The Supreme Court’s decision to allow a redistricting commission set up by Arizona voters holds the potential of reducing the rampant gerrymandering that has virtually guaranteed a Republican-controlled U.S. House until at least 2022. And that would be a good thing, since partisan redistricting in a half-dozen states has skewed the makeup of the House of Representatives, which James Madison said was supposed to display “fidelity and sympathy with the great mass of the people.” But it probably won’t happen. The reason: It’s almost impossible to take politics out of the process by which legislatures re-draw legislative and congressional district lines after every census to reflect population changes. Every unequal redistricting has essentially resulted from an election.
Most of today’s anomalies stem from Republican 2010 successes in electing the legislators who redrew lines in key states after that year’s census.

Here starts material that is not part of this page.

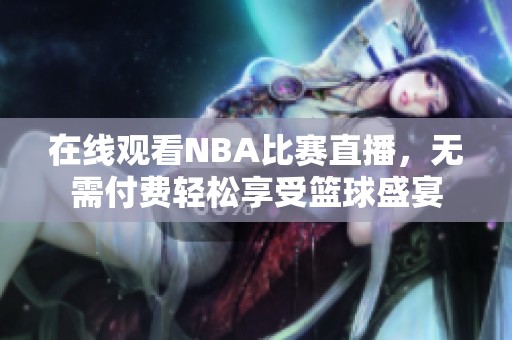 在线观看NBA比赛直播，无需付费轻松享受篮球盛宴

They produced these GOP House majorities in states that voted Democratic in most recent presidential elections: Florida, 17-10; Michigan, 9-5; North Carolina, 10-3; Ohio, 12-4; Pennsylvania, 13-5; Virginia, 8-3; Wisconsin, 5-3.
An even division of seats in those states would have reduced the current GOP margin by two-thirds and given the Democrats the House in 2012, when they received a majority of congressional votes.
But Republicans, who spent all but four years in the House minority from 1931 to 1995, are unlikely to cede power without a fight.